Today, I opt for the barely there feel of silky, wicking fabrics—just enough to cover the tan lines. Because even a 4” inseam in 100% humidity can feel like a parachute in a rainstorm. It’s not because I’m trying to show off my goods. It’s because I’m trying not to drown in my shorts.
At this rate, I’ll be running in my underwear by the time I’m 45. At which point I will stop running altogether.
My friend Claudia, a Lululemon Ambassador and fan of the minimalist movement (doesn’t hurt she’s 30 and built like a stick bug), suggested I try the Lululemon Speed Short, which at 2 ½” is a touch shorter than the 3” I’m used to, but since we were sliding into 2016 it only made sense to raise the stakes—and hemline—once again.
I’m a pretty diehard New Balance fan, having just bought three pairs of the Impact Short after I ran a marathon entirely chafe-free, which is like saying you ran a marathon without getting tired. But I can’t turn down anything free. St. Jude’s hand sanitizer. Kroger lip balm. Publix colander (true story). I got ‘em all. So when she offered me a pair of $54 running shorts in return for an honest review, I snatched them up faster than a University of Phoenix koozie.
I slipped into the size 6s and stood before the mirror to evaluate. From the back, they were good. Roomy, and no low-hanging cheek to speak of. But from the front, I noticed some hip clingage, some fabric strain, and let’s just say it’s a good thing I shaved.
Not perfect. But passable? If you have to ask…
“Are these too tight?” I asked my husband, who immediately looked panicked.
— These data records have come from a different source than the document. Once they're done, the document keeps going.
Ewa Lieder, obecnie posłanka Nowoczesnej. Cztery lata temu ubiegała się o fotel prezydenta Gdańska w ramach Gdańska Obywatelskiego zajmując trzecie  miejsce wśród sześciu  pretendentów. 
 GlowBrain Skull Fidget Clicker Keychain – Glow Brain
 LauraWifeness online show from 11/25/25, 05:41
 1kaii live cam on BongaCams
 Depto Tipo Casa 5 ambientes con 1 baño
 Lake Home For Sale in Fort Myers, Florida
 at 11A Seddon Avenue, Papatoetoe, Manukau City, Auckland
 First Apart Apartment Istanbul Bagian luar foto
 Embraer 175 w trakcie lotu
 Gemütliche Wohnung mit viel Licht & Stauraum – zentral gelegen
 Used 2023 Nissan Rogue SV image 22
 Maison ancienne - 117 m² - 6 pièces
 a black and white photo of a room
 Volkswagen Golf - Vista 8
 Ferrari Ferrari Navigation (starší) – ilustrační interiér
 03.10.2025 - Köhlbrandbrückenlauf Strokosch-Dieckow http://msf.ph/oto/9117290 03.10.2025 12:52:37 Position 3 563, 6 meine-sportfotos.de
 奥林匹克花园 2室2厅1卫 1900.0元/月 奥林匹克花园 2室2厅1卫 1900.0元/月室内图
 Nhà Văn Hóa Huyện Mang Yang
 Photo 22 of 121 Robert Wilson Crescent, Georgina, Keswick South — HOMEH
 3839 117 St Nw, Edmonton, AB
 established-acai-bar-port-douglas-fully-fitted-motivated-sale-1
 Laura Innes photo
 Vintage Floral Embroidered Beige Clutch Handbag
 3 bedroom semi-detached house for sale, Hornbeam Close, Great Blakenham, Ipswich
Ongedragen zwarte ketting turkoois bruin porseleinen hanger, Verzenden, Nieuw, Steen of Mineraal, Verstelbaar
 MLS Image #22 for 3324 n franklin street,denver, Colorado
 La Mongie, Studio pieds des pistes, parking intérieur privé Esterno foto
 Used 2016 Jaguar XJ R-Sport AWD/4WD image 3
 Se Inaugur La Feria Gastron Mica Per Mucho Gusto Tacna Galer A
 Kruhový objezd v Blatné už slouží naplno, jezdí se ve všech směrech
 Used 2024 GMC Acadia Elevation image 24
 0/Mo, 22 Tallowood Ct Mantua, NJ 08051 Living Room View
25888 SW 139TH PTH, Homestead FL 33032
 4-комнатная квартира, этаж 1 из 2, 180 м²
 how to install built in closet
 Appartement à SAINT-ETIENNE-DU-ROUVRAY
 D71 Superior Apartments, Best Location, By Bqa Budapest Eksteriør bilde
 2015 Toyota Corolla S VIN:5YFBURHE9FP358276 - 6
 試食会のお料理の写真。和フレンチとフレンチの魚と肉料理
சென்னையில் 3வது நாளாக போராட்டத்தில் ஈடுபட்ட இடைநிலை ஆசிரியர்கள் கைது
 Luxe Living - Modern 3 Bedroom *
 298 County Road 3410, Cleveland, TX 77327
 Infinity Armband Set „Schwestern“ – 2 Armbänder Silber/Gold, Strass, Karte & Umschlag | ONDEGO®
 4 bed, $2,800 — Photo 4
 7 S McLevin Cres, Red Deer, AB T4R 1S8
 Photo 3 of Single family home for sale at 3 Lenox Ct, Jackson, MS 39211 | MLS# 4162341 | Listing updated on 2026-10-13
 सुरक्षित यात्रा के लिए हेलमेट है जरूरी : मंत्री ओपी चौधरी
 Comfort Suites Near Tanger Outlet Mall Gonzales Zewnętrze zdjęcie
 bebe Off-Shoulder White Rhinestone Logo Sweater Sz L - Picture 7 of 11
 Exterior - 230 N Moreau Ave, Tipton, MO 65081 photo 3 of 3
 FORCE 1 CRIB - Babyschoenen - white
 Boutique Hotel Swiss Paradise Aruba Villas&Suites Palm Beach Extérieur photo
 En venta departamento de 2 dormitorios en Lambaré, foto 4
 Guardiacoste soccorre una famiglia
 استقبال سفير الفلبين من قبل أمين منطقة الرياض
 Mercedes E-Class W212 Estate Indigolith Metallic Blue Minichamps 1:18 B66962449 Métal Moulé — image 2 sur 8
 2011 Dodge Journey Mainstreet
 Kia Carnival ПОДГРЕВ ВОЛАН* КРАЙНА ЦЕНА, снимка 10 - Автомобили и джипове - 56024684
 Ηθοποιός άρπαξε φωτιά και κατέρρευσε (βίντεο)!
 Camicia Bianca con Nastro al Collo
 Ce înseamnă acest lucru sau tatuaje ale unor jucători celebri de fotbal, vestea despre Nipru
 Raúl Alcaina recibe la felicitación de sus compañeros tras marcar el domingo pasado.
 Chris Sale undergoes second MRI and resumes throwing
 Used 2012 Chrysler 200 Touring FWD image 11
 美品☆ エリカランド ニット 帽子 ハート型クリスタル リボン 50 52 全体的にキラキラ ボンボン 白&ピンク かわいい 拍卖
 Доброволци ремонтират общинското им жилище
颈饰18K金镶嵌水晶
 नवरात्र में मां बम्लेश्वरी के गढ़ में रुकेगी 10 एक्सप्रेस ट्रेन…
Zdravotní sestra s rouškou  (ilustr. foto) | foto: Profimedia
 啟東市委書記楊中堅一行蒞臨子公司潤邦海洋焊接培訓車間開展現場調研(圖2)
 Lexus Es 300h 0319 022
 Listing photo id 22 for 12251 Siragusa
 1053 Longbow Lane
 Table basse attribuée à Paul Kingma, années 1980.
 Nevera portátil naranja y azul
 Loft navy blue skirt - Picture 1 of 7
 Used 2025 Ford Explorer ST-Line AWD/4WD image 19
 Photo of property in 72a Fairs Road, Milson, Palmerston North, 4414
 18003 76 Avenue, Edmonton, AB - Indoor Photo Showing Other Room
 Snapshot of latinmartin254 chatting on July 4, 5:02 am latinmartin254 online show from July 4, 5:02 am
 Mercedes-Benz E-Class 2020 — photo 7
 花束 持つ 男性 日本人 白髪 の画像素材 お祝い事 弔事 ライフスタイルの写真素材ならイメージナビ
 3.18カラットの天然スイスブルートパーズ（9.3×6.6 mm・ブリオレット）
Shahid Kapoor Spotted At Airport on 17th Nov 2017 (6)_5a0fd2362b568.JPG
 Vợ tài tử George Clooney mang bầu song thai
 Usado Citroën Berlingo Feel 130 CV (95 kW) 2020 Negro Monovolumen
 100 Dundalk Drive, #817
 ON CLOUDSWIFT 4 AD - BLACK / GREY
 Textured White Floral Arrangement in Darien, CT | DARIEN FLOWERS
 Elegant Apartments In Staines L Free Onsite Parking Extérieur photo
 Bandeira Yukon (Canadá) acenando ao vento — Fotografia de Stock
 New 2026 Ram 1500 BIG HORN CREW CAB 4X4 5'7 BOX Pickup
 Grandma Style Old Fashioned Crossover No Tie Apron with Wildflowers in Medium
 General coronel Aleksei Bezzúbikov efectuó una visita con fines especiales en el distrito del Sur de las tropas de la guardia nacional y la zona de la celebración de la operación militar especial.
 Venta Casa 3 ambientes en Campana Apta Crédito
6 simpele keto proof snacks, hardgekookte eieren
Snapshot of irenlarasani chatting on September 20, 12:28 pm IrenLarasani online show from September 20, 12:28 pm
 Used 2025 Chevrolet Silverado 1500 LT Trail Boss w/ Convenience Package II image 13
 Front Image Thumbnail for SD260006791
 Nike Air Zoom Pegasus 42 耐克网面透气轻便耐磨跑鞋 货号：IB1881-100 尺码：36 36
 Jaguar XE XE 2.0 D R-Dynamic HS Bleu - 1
There is no good answer when we all know the answer in the first place. If he lies, I go out into the world and people say “Bless her heart,” behind my back. If he tells the truth, I go out into the world husbandless.
“They aren’t like the ones you normally wear,” he offered gingerly.
“But are they hideous?” A trick question because if he says “yes” it actually means I look hideous because we know there’s not a damn thing wrong with the cute $54 shorts.
He didn’t take the bait.
“No, but you might as well try the next size up just to see if you like them better. Then you won’t wonder.”
Ahhhh—the discerning consumer approach. Well played, Ray. Well played.
Claudia swiftly made the exchange and when I stepped into the size 8s, little running angels sang. A perfect fit—slightly more room at the hips and I could go a few days before a shave.
It makes sense that the shorts fit well; they must fit everyone pretty well because I see Lulu-ites everywhere I go. “I like your shorts!” girls at the gym chirped with a knowing wink. They were all wearing the same shorts just in a different color and pattern. It’s like the shorts bought me membership into a club I didn’t know I wasn’t a part of—until I was.
With a wide, low waistband and soft as Charmin (the double-layered kind), they really don’t feel like I’m wearing anything, which is the best kind of short: it feels invisible but is decidedly NOT invisible. I just recommend that you suck it up and size up.
As far as the long-distance chaffing challenge, the shorts threw in the towel (or did they wave a white flag?) at mile 9, but if I’m being honest with you and myself, that probably had more to do with me than the shorts. Bless my hips.